**Task item:** Give back each line of the data exactly.

**Recorded data:**
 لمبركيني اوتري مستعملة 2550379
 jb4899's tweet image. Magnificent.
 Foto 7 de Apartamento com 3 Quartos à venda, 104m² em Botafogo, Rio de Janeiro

**Worked solution:**
 لمبركيني اوتري مستعملة 2550379
 jb4899's tweet image. Magnificent.
 Foto 7 de Apartamento com 3 Quartos à venda, 104m² em Botafogo, Rio de Janeiro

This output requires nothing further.